Tim Markley, New Hanover schools superintendent and a reviewer of Entrepreneur’s application, told N.C. Policy Watch he didn’t think the school should have opened.

“The application [for Entrepreneur] came forward two years in a row and I voted against it twice. The entire board turned it down the first time,” said Markley, who previously served on the N.C. Charter Schools Advisory Council.

“Honestly, I thought the financials were’t there,” said Markley. “Their plan for implementing a vocational program wasn’t there. The plan included a lot of vocational teachers, but didn’t exhibit an understanding of the business side of running a school. I was critical of it both times.”

Markley’s assessment was overruled by two other advisory council members who decided to allow Entrepreneur to open, even though they also expressed reservations about the financial and academic plans of the school that can be read in the school’s application here.

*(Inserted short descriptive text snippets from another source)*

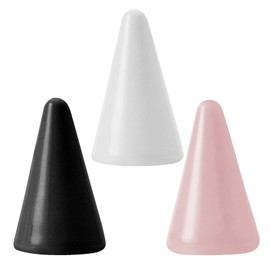 3 Pcs Modern Marble Ceramic Ring Holder Decorative Tower Cone Nightstand Display Stand for Jewelry Rings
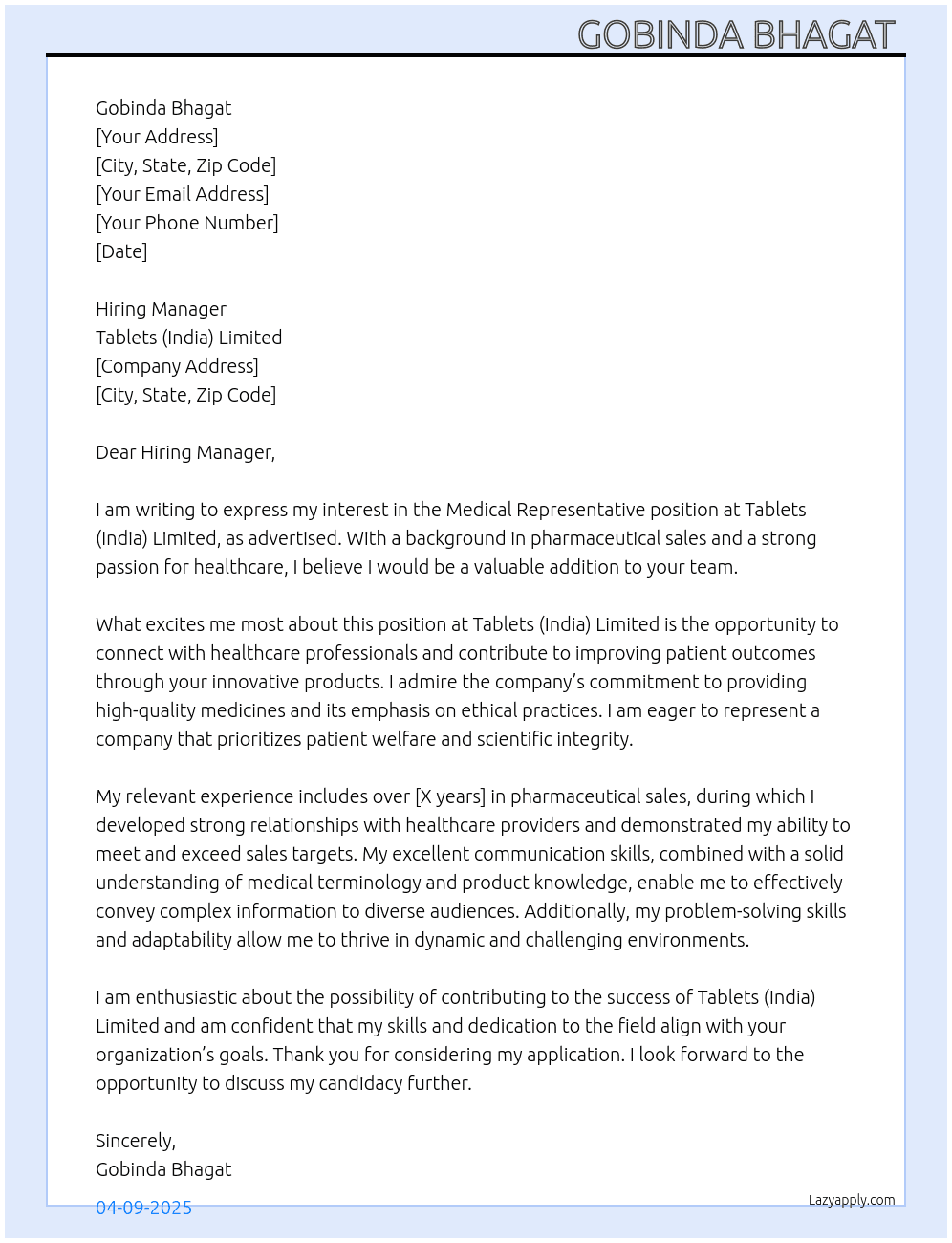 Cover letter for medimedical representative - LazyApply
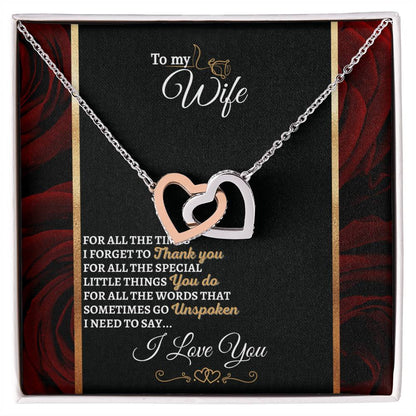 I Need To Say Interlocking Hearts Necklace Roses Edition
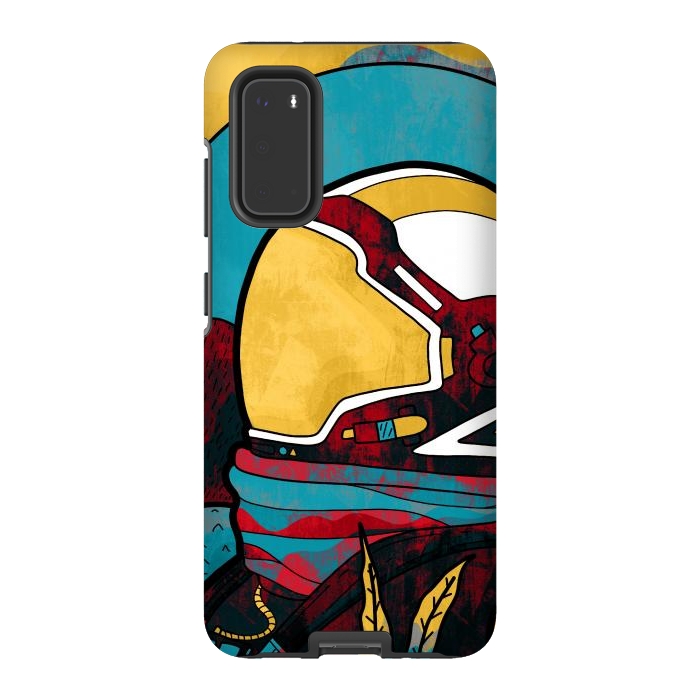Galaxy S20 StrongFit The yellow astronaut explorer by Steve Wade (Swade)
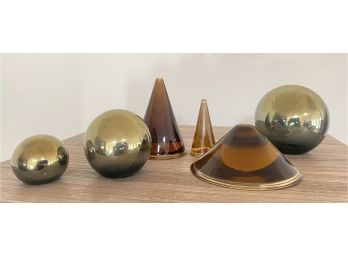 Glass Home Decor Including Spheres And Triangles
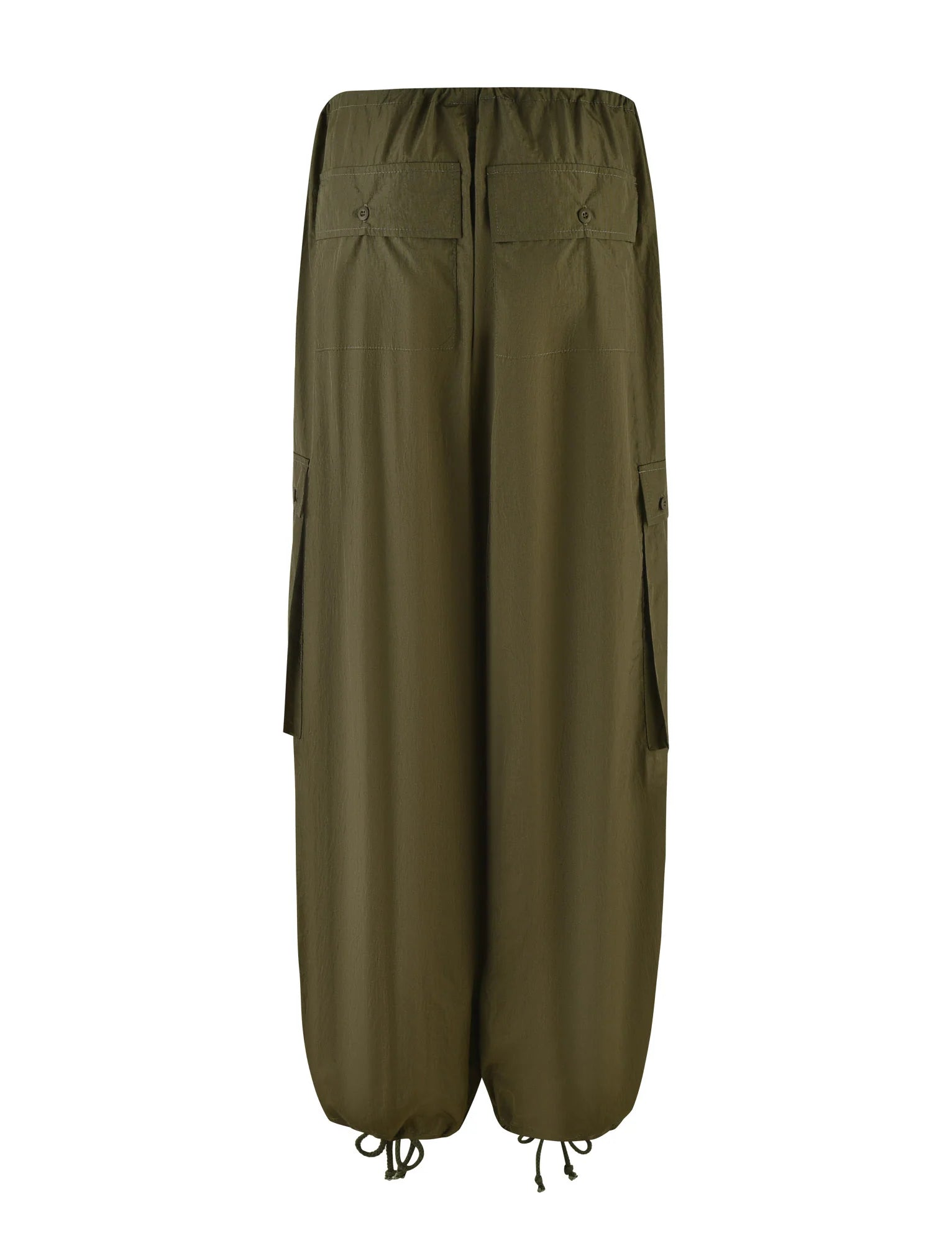 Green wide-leg pants on a white background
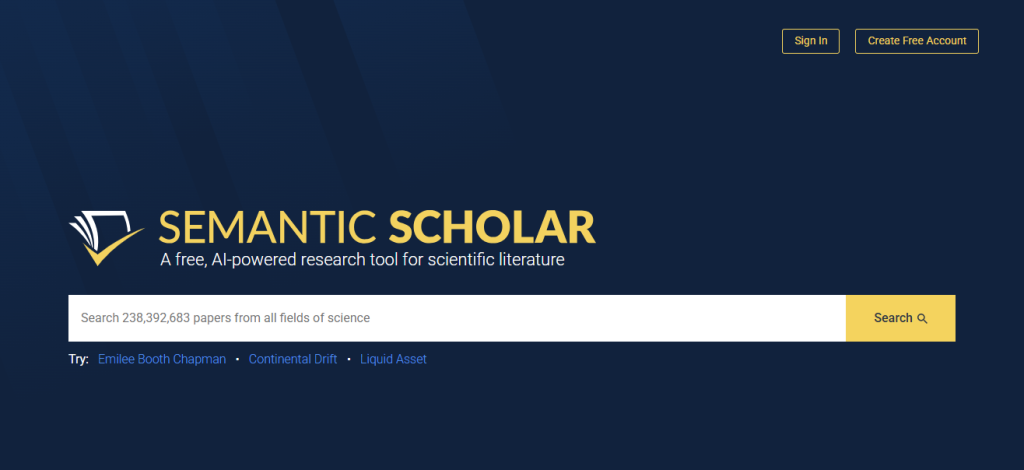 Interface of Semantic Scholar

Entrepreneur High School is a vocational public charter school that had hoped to enroll 180 students in its first year. But it only attracted 78 students to start with last September, said the head of the N.C. Office of Charter Schools, Dr. Joel Medley. By January, only 31 students were attending classes.

Those low enrollment numbers — and the fact that the school continued to lose students throughout the fall — left the school in dire financial straits.

Speaking of Dr. Hans Plotseneder, the founder of the school who was fired by its board just before Christmas, Markley said, “he had a lot of passion for the school, but he didn’t have the wherewithal to start a school.”

Andrew Dunn of the Charlotte Observer reported today that Plotseneder plans to reopen the school with a combination of state funds he believes he can secure next month, loans, and a plan to sublease part of the school’s building. His hopes to have a charter management organization (CMO) take over the school eventually.